Military, BNI, Police destroy illegal farms in Birim Forest Reserve
A combined team of military personnel, the Bureau of National Investigations, the police, and forest guards destroyed part of illegal farms in the Birim Forest Reserve on Tuesday.
Ms Dorothy Dampson, the Akyem Oda District Forestry Manager, who led the exercise, said some famers, mostly from Apoli Zevor in the Akyemmansa District, had planted cocoa and food crops on about 100 acres of the Reserve .
She told the Ghana News Agency that a similar exercise was conducted in 2008-2009 but it was halted half way and that gave the farmers the opportunity to expand their illegal farms.
Ms Dampson said: “This time round we will sustain the exercise to ensure that all illegal farmers are flushed out from the reserve”.
She said any farmer caught farming in the reserve would be arrested and prosecute and explained that there was “no admitted farm” in the reserve, which means that the farmers were operating in the area illegally.
Ms Dampson said that was against the Forest Reserve Protection Degree 1974 NRCD 243 as amendment in 2002.

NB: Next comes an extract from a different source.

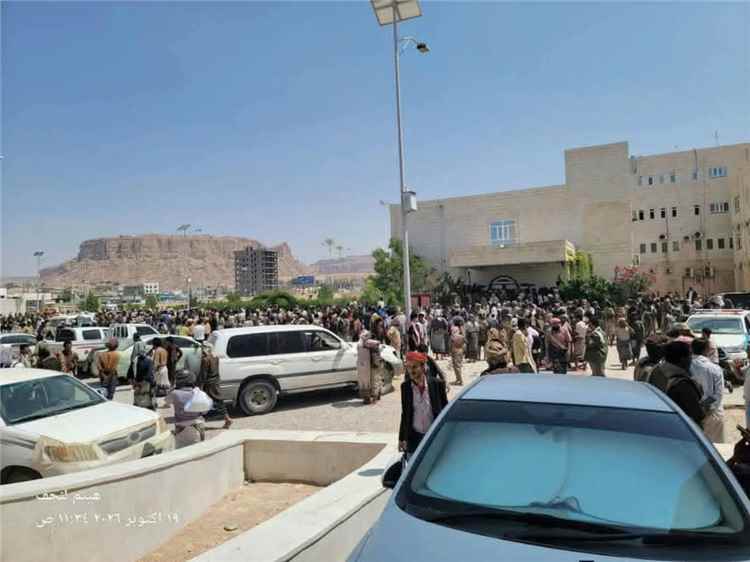 محور سبأ ينعى شهداء معسكر العلم بشبوة ويؤكد: هذه التضحيات تزيدنا إصرار وعزيمة لاجتثاث مشروع الحوثي الإرهابي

He said: “The Amendment is Forest Protection Act 624, which prevents individuals or groups to farm or to cultivate in a Forest Reserve without notice from the Chief Executive Officer of the Forest Commission”.
Ms Dampson said after clearing the farms, people would be employed from the fringe communities to embark on tree planting in the reserve under the Government’s National Forest Plantation Development Programme.
She expressed worry about the rate at which the country’s forests were being depleted, and called on chiefs and other stakeholders to help save the forests.
The GNA learned that farmers who might have got wind of the exercise fled the farms before the arrival of the team.